Hace tiempo que el presidente Rodríguez Zapatero ha demostrado que no es un bambi. Muchos confunden afabilidad con blandura y él es afable, pero no blando. El hecho mismo de haber alcanzado la secretaría general del PSOE, en un momento en que la disputaban los principales barones del partido, denota su disposición al diálogo y su capacidad para alcanzar acuerdos.
La forma como ha resistido los ataques, las maldades y los infundios de la oposición de los populares para llevar a cabo un programa de gobierno -en muchos aspectos excepcional-, demuestra asimismo que es una persona de gran fortaleza mental y de sólidas convicciones políticas e ideológicas.
Sin embargo, en el primer encuentro del debate televisado, el presidente Rodríguez Zapatero respondió, para muchos débilmente, cuando el otro traspasó los límites del insulto [ya lo había hecho llamándole mentiroso, cuando la realidad demuestra lo contrario, que la mentira es patrimonio de la cúpula de su partido] para entrar en territorio de la bajeza moral acusándole de «agredir a las víctimas» del terrorismo. La perplejidad del presidente Rodríguez Zapatero al oír esto fue todo un alegato contra la infamia.

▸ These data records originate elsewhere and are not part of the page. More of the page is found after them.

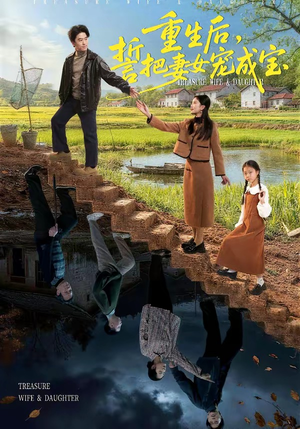 重生后，誓把妻女宠成宝（86集）全集免费在线观看短剧无广告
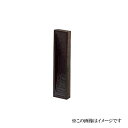 丸喜金属本社 MARIC クロウッド 舟底引手 W-155 750 /1個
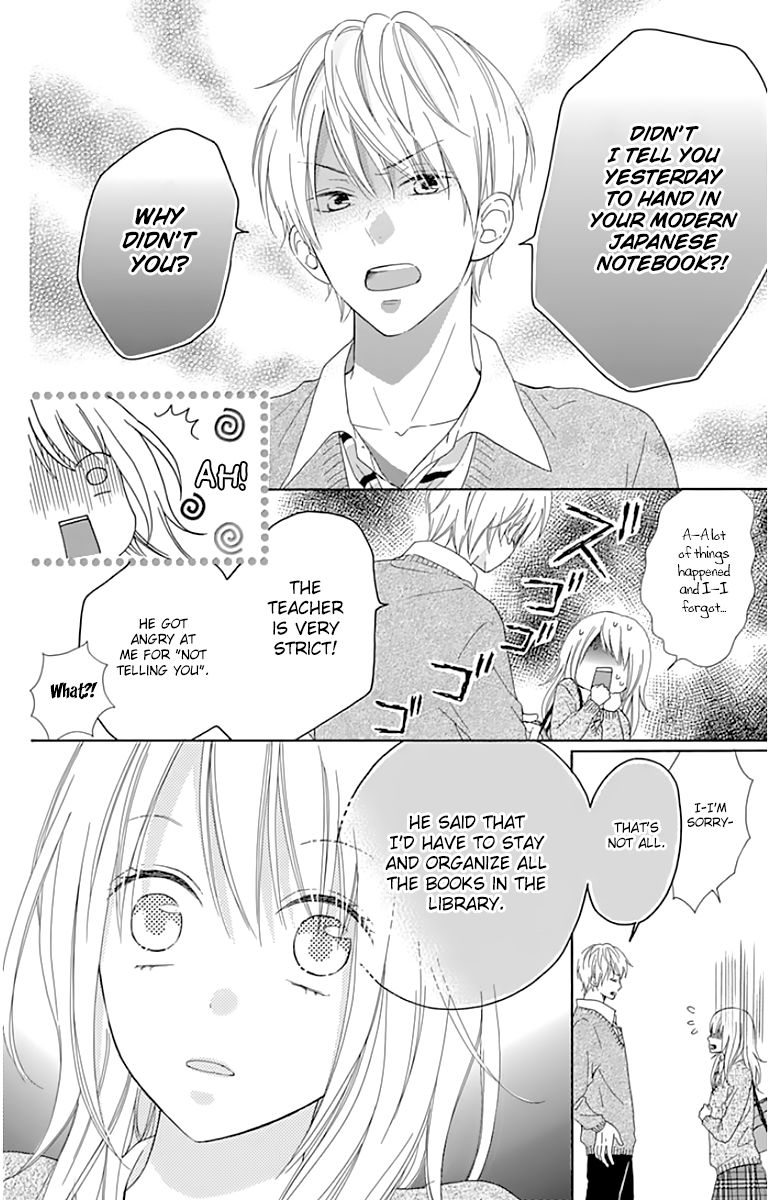 Hinadori no Waltz Chapter 7 page 16 - Chapter 7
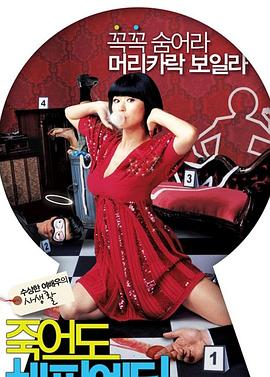 任贤齐杨千嬅海报剧照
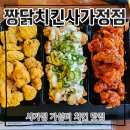 얼음과자중랑 | 사가정 치킨 맛집 추천 짱닭치킨 사가정점 후기 (26.7.14)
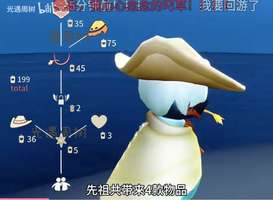 #光遇复刻# 啊啊啊光遇/网易是我误会你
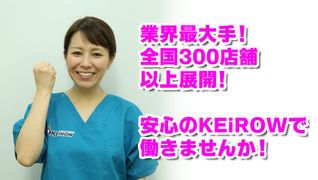 足利中央ステーション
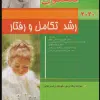 کتاب میکروبشناسی پزشکی مورای 2026 باکتری شناسی عمومی و اختصاصی
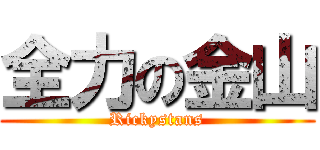 全力の金山 (Rickystans)
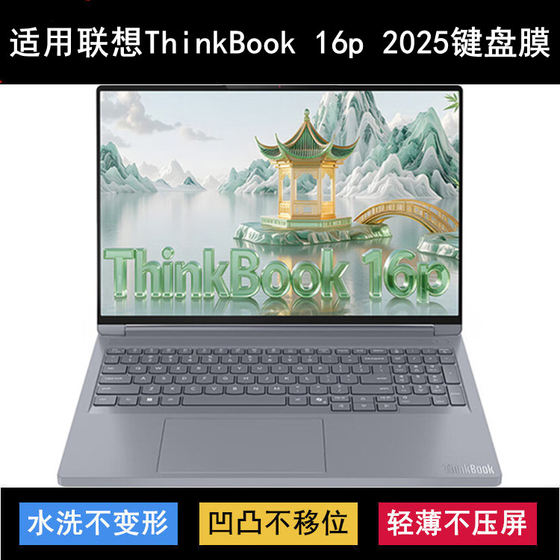Suitable for Lenovo ThinkBook 16p 2025 keyboard protective film 16-inch laptop dustproof Ryzen version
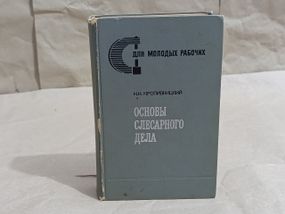 Николай Николаевич Кропивницкий ОСНОВЫ СЛЕСАРНОГО ДЕЛА 1974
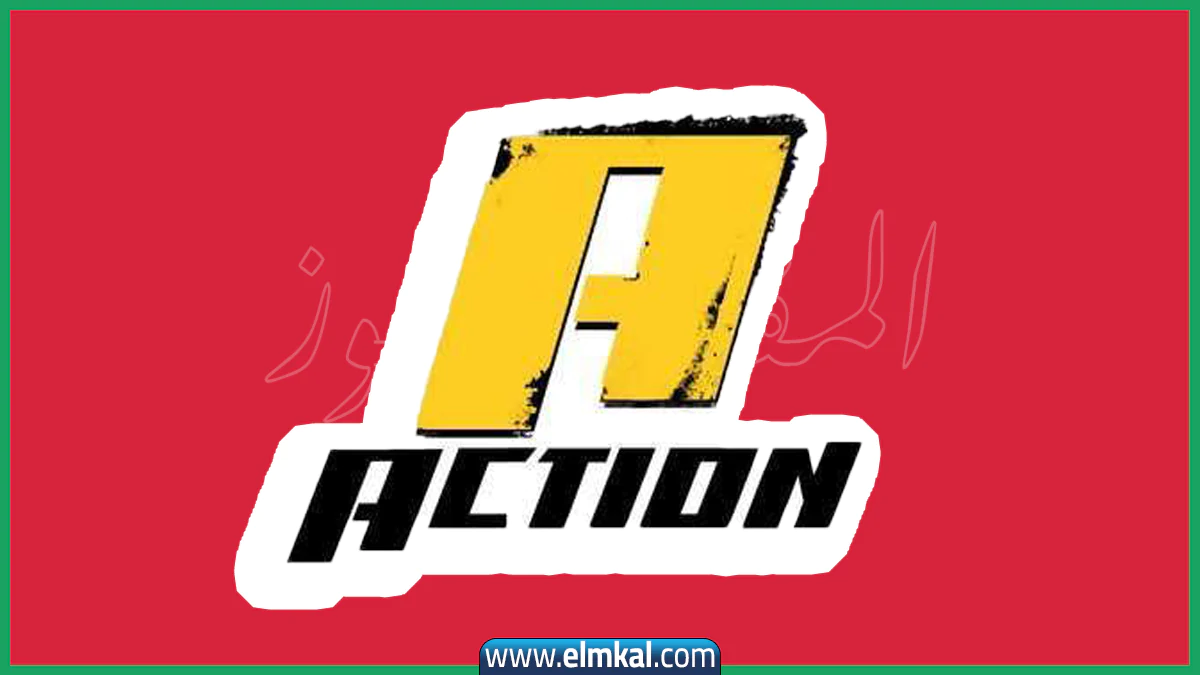 تردد قناة إم بي سي أكشن MBC Action الجديد نايل سات 2025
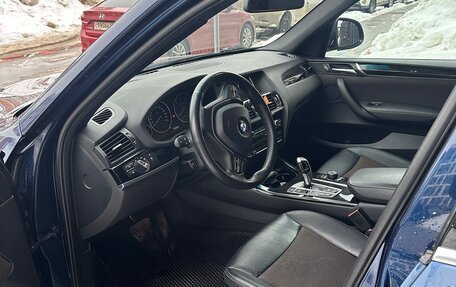 BMW X3, 2017 год, 3 150 000 рублей, 9 фотография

¿Cómo es posible que una persona que pretenda gobernar los destinos de un país pueda acusar a otra de tal cosa a sabiendas de que es un infundio? Me atrevería a decir que, en ese preciso momento, si alguien tenía dudas acerca de la calaña de los dirigentes del Partido Popular, las despejó de inmediato. Poco importó entonces que el candidato derechista hubiese llevado la iniciativa dialéctica, porque finalmente se había estrellado con la autoridad moral de un hombre pacífico y noble. Un hombre en el que se puede confiar.